Andrea: “Il teatro, in generale, svolge una funzione sociale fondamentale, sia per chi lo guarda sia per chi lo fa, lo studia, lo approfondisce. Alla luce di quello che sta succedendo nel mondo, mi preme sottolineare quanto il teatro sia un’occasione per avvicinare gli esseri umani alla propria umanità. È un momento in cui riflettere su di sé e imparare a conoscersi meglio. Sarebbe necessaria un’educazione al teatro che parta dalla scuola per spronare tutti a cogliere il valore umano insito nell’esperienza teatrale, facendo affidamento a persone qualificate che possano essere importanti figure di riferimento e funzionali a una crescita personale di tutti i cittadini. Testi come quelli di Medea o di Amleto, ad esempio, posso offrire un’occasione di riflessione su come affrontare determinate problematiche umane e fare esperienza umana. Il teatro fa bene e, a volte, può anche salvare delle vite.”
Alessia: “Il teatro deve far riflettere. Leviatano è uno spettacolo che vuole far vivere l’esperienza teatrale in modo collettivo, garantendo la riflessione su una specifica tematica.

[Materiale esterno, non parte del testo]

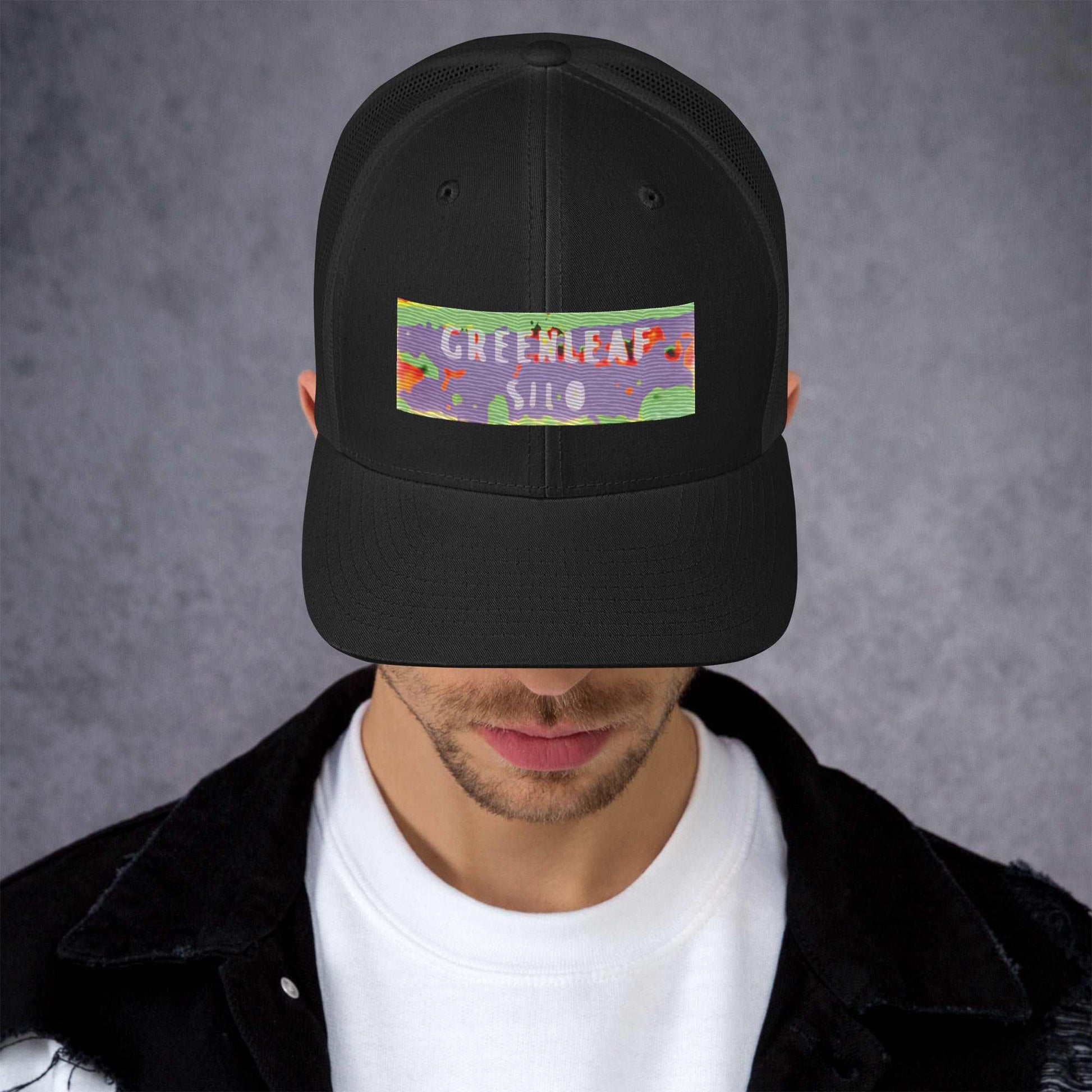 GreenLeaf Silo PSYCHEDELIC Trucker Cap / GLS Hallucinogenic HAT Rock Band Lid - Lizard Vigilante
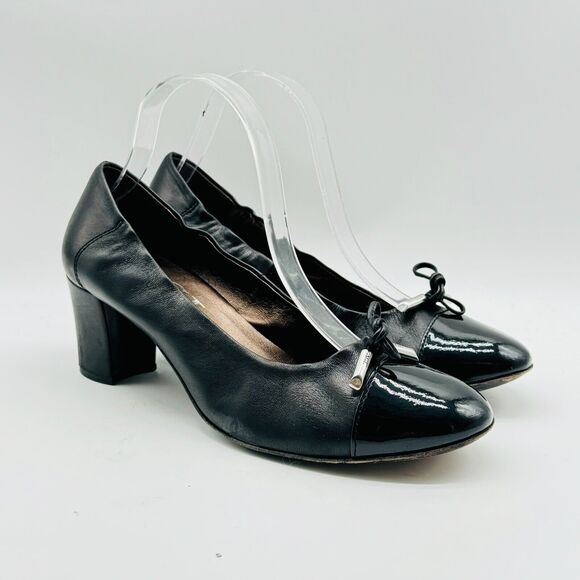 AGL Shoes Womens EU 39 US 9 Black Leather Heels Cap Toe Pumps Attilo Giusti - Picture 2 of 12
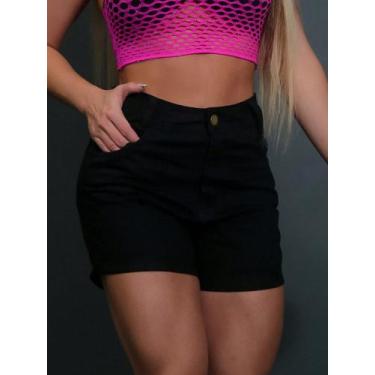 Imagem de Short premium mom preto barra dobrada cintura alta blogueira - Ss Jean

È fondamentale, dunque, il coinvolgimento in questo spettacolo – che è anche divertente e musicale – per permettere il confronto con gli altri, la condivisione dell’argomento e dei diversi punti vista.“
Giulio: “Io penso che una delle funzioni fondamentali del teatro sia proprio quella di far stare bene le persone: chi assiste ad uno spettacolo a teatro ne esce arricchito interiormente.”